§ Directions
What is wanted is every line below from the one with "Wystawa Wielki terror" up to and including the one with "Foto zur News: Charles Leclerc (Ferrari)", retyped exactly, pictures excluded, nothing else.

§ Supplied information
● ● ●
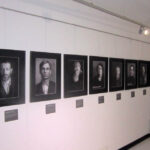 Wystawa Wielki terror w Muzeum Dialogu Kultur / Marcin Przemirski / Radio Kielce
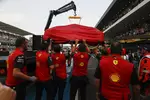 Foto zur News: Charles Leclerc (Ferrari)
● ● ●
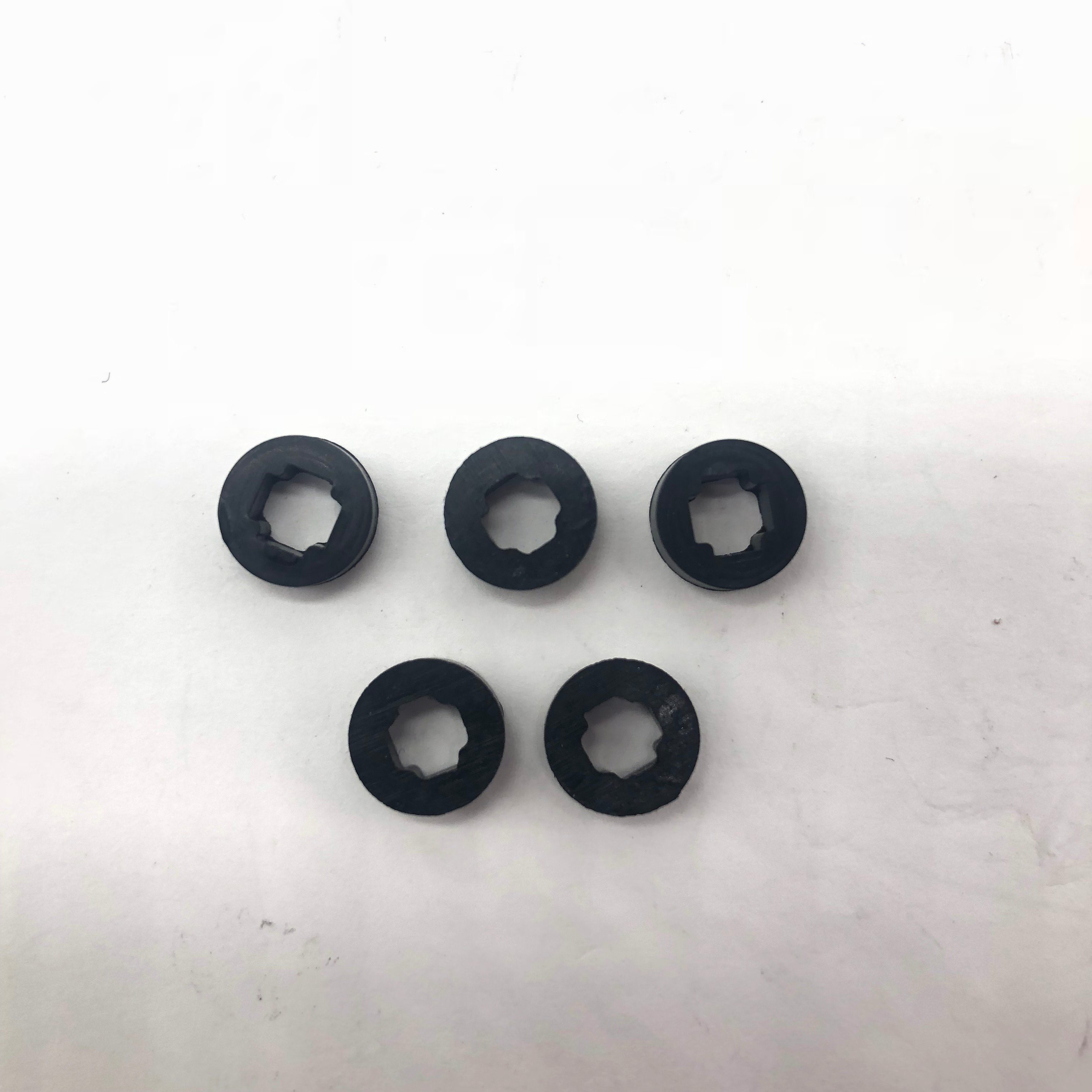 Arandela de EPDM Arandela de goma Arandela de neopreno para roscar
● ● ●
§ Solved problem
 Wystawa Wielki terror w Muzeum Dialogu Kultur / Marcin Przemirski / Radio Kielce
 Foto zur News: Charles Leclerc (Ferrari)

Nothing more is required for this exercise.